2023 might be another tough year for the Sooners and they might be in a fight to win eight or nine games, but by 2024 Oklahoma should really look like itself again.
Texas Longhorns (6-4, 4-3)
The second Big 12 team in this tirade is the Texas Longhorns, who were in the Big 12 title race coming into last weekend but lost 17-10 to No. 4 TCU. Now, they have a hill to climb and would need some help to get back in the race, but it wasn’t long ago that we were talking about the Longhorns being a potential playoff contender. Texas went 5-7 a year ago, but I can guarantee that 6-4 wasn’t what Texas boosters had in mind when they brought in Sarkisian over Sonny Dykes.
We can’t pretend that Texas is suddenly having issues though, as the situation in Austin has been much different than that in Norman in recent memory. In the five years prior to 2022, Texas has gone 37-25 under Tom Herman and Steve Sarkisian. In the five years prior to that, the Longhorns were 33-30. Texas football has a long and successful history, but 70-55 over the previous 10 years isn’t something Texas fans will look back on and relish.
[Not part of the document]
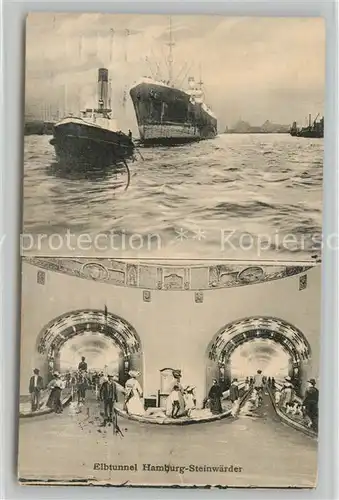 AK / Ansichtskarte Hamburg Steinw?rder Elbtunnel Hamburg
So what’s the issue?
I believe that Texas’ issues are quite unique, but also quite simple. Last year, I dove into this in great detail and it all comes down to who makes the decisions at the top for the Longhorns. Since Mack Brown made the decision to leave Texas, it seems that the donors are the ones pulling the strings in Austin, and that all comes back on the athletic director, Chris Del Conte. Many people may not know, but DeLoss Dodds left UT in 2013, after spending 32 years as Texas’ AD. Steve Patterson was his successor and after Patterson came Del Conte. Both of those guys failed to do what was needed, and that is keep a buffer between the coaches and the donors. Building a program takes time and space, and anybody after Mack Brown has had neither of those in their corner in Austin.
Texas A&M (3-7, 1-6)
The Aggies are having an all-time disappointing season in 2022, and a lot of that comes from how high expectations were coming into the year. Texas A&M signed the best recruiting class in college football history in 2022, so naturally, they were expected to have success immediately following that. However, they have put together their worst season under Jimbo Fisher and the worst season they’ve had since leaving the Big 12.
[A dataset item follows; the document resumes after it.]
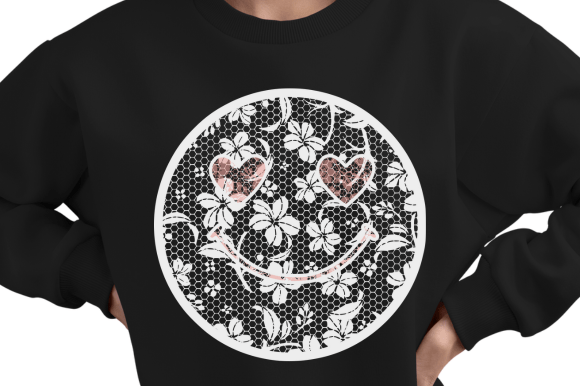Happy Face Lace PNG: A Design Asset That Adds Instant Whimsy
The first issue is A&M seems to have brought in more problems than solutions, as the program is rotting from the inside. Much of that stems from their focus on NIL and using literal bags of cash to bring in top-tier talent, regardless of their fit within the program. There have been several players suspended for various reasons, some of which were reportedly caught smoking marijuana inside the Aggies’ locker room. That’s not something that is conducive to winning football. NIL is a great opportunity for college athletes, but only when it is used as it was intended. It’s clear, thus far, that A&M has abused NIL and it has hurt them.
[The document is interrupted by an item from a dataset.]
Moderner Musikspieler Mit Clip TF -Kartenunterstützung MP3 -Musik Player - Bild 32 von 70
Another issue I see from the outside has been Jimbo Fisher’s inability or lack of desire to update his offensive scheme. Texas A&M is running an offense that has been outdated for the last half-century. In an age of high-flying offenses like Steve Sarkisian, Lincoln Riley, and Jeff Lebby run, Fisher has decided to keep his scheme the same and their offense has struggled mightily because of it. Bringing in somebody like Garrett Riley would help them out tremendously, and I would be surprised if the TCU offensive coordinator doesn’t get a call from College Station this off-season.
Unfortunately for A&M, I believe that Fisher needs to go for Texas A&M to climb out of its current hole, but they have 86 million reasons to hold onto him. Until boosters decide to funnel that money into a fund to pay his buyout instead of thinking NIL is what will solve the problem, they will have to continue seeing this graphic get worse and worse.